# Time Series: Phone Broadcast Data

<br />
<br />

### Table of Contents

* Introduction
* Fixing the File
* Strings to Timestamps
* Time Deltas
* Time Series
* Frequency Histograms
* Looking at the Full Dataset

<br />
<br />

## Introduction

Dealing with time can be a pain - especially with datasets that have different time formats in each file. This notebook shows how to convert time stamps into useful formats, and use those to manipulate and bin time series to count events and investigate frequencies. 

In [None]:
# Also see
# http://pandas.pydata.org/pandas-docs/stable/timeseries.html

In [None]:
import os
os.listdir('../input/')

In [None]:
import pandas as pd
import numpy as np
from pprint import pprint

## Fixing The File

We'll start with the AllBroadcasts.csv data file. This file is fine for the first 50 lines or so, but it chokes on the whole file because of stray commas.

In [None]:
all_broadcasts = pd.read_csv('../input/AllBroadcasts.csv',nrows=50,header=0)

In [None]:
# Loading all of the data chokes on a column with commas
#all_broadcasts = pd.read_csv('data/AllBroadcasts.csv',nrows=1000,header=0)

In [None]:
with open('../input/AllBroadcasts.csv','r') as f:
    lines = f.readlines()
lc = set()
for line in lines:
    lc.add( len( line.split(",") ) )

In [None]:
print(lc)

We are expecting five fields (four commas) based on the file header, but we have some lines with no commas (probably an empty line) and some lines with 1, 2, or more extra commas:

In [None]:
print(lines[0])

In [None]:
Here's an example of one of those lines - it consists of the first two fields, UserId and UUID, which are parsed fine, but an Extras column containing commas. Then the Action and timestamp columns are also parsed okay.

In [None]:
sp = lines[73].split(",")
print(sp)
print(len(sp))

Our parsing strategy, when there are more than 4 commas, is to split into tokens, then recombine all the middle tokens.

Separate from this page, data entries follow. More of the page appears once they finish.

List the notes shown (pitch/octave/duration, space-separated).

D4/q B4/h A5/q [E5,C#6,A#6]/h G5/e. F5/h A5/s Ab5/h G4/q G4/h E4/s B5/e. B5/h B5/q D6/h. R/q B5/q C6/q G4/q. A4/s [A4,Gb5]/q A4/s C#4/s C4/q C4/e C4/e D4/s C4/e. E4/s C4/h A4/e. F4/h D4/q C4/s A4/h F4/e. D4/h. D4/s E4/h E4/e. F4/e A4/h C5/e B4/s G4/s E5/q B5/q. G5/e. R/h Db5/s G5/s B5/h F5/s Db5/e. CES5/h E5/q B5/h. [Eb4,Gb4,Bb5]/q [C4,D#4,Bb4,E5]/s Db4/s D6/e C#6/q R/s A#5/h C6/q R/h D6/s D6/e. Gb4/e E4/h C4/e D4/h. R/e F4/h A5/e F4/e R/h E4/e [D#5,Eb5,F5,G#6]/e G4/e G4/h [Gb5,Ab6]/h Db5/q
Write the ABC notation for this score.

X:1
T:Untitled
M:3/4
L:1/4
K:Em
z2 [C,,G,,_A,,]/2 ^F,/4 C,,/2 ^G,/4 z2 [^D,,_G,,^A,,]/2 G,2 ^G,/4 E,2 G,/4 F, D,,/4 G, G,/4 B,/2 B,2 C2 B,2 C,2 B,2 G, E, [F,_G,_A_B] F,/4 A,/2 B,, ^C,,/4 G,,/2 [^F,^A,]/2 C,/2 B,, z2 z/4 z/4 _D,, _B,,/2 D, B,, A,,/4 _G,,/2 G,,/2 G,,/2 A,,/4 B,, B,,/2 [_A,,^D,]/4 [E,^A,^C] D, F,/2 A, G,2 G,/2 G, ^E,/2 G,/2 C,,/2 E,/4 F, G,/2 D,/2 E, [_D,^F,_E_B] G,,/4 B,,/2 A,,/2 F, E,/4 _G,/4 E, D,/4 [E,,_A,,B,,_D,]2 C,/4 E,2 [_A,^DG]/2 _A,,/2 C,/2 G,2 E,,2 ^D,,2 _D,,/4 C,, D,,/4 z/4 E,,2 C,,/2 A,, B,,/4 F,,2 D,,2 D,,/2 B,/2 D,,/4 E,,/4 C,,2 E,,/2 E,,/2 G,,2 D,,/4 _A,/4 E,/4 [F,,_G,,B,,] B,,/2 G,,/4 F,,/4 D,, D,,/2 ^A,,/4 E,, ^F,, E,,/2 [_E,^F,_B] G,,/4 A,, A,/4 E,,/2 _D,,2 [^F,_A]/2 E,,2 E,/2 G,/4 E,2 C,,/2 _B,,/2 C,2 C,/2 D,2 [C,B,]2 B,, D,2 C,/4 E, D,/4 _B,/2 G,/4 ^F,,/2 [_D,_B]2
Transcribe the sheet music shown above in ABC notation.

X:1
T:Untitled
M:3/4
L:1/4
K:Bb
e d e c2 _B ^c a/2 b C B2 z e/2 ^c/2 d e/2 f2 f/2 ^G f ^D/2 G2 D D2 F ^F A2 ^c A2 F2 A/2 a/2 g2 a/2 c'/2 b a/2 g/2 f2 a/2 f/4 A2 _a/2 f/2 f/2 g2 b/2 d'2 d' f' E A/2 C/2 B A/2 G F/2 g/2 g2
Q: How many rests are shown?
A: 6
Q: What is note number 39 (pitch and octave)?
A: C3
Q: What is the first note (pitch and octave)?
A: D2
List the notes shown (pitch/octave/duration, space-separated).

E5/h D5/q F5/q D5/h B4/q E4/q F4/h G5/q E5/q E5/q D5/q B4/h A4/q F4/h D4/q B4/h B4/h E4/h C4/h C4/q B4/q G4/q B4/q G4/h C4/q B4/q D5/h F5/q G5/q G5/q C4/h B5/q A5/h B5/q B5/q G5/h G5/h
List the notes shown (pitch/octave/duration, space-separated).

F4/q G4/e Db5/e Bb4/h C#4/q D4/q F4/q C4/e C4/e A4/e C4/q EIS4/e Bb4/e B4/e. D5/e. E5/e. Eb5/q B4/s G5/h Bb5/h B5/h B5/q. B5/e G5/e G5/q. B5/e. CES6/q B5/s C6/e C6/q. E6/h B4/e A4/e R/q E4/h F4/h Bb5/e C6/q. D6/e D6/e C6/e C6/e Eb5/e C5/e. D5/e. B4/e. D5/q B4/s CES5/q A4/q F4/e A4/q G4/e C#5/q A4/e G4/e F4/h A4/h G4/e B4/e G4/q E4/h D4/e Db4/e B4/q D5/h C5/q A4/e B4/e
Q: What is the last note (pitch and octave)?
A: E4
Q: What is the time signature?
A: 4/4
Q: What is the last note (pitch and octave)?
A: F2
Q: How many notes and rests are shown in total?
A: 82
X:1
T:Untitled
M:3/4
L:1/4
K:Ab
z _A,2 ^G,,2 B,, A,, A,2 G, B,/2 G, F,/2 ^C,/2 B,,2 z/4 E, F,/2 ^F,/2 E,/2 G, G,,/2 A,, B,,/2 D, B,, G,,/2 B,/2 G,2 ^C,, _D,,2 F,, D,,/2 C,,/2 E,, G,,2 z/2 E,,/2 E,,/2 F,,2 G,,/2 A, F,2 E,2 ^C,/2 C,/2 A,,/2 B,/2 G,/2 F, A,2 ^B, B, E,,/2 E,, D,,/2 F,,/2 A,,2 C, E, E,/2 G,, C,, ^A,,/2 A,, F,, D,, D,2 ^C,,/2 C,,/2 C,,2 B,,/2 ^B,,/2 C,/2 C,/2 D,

We can get a list of token indexes that are the "middle" (excluding the first two and last two items) using `range(2, len(sp)-2 )` - except that excludes the last number, so we should actually use `range(2, (len(sp)-2)+1)`.

In [None]:
#print len(sp)
new_sp = []

new_sp.append(sp[0].strip())
new_sp.append(sp[1].strip())

# This one-liner uses a list comprehension to collect each of the middle pieces
# then concatenates everything together with "".join()
middle_token = "".join([sp[j].strip() for j in range(2, len(sp)-2 + 1)])
new_sp.append(middle_token)

new_sp.append(sp[-2].strip())
new_sp.append(sp[-1].strip())

print(new_sp)

In [None]:
def strip_non_ascii(string):
    ''' Returns the string without non ASCII characters'''
    stripped = (c for c in string if 0 < ord(c) < 127)
    return ''.join(stripped)

# Note that clean_line returns a list of string tokens, not a string.
def clean_line(line):
    
    line2 = strip_non_ascii(line)
    sp = line2.split(",")
    
    if(len(sp)==5):
        return sp
    
    elif(len(sp) is not 5 and len(sp)>2):
                
        new_sp = []
        
        new_sp.append(sp[0])
        new_sp.append(sp[1])

        # This one-liner uses a list comprehension to collect each of the middle pieces
        # then concatenates everything together with "".join()
        middle_token = "".join([sp[j] for j in range(2, len(sp)-2 + 1)])
        new_sp.append(middle_token)

        new_sp.append(sp[-2])
        new_sp.append(sp[-1])
        
        return new_sp


In [None]:
clean_headers = strip_non_ascii(lines[0]).strip().split(",")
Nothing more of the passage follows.